Paraffin sections of canine folicular skin (dogs with pemphigus foliaceus)
Species
Canine
Lot
C113886
Comments
Comments
ABSTRACT
Background Pemphigus foliaceus is the most common autoimmune disease in dogs. It is characterized histologically by subcorneal pustules and acantholysis. Desmocollin-1 is the major target antigen of autoantibodies in dogs. Previous immunostaining studies have shown possible pathogenic similarities between canine and human pemphigus.

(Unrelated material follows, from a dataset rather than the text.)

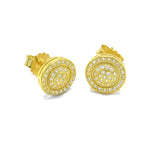 STEM-36 Men 925 Sterling Silver Push Back Stud Earrings- 9MM Round Gold or Silver Color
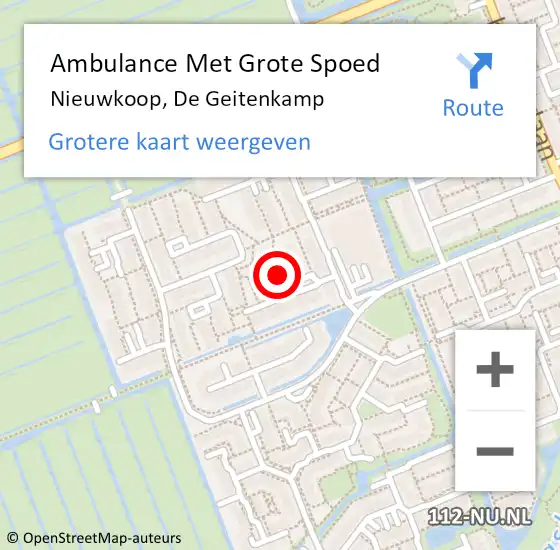 Locatie op kaart van de 112 melding: Ambulance Met Grote Spoed Naar Nieuwkoop, De Geitenkamp op 9 februari 2023 21:01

Objetives To investigate the pathogenesis of acantholysis in canine Pemphigus Foliaceus, we decided to review the main histopathological findings and observe the variations of the labeling of desmocollin-1 by immunohistochemistry in skin biopsies from sick dogs.
Material and methods Five cases of dogs with Pemphigus Foliaceus were selected and histopathological findings were reviewed by hematoxylin-eosin staining. Then the samples were stained following an immunohistochemical protocol, with an anti-desmocolin-1 antibody.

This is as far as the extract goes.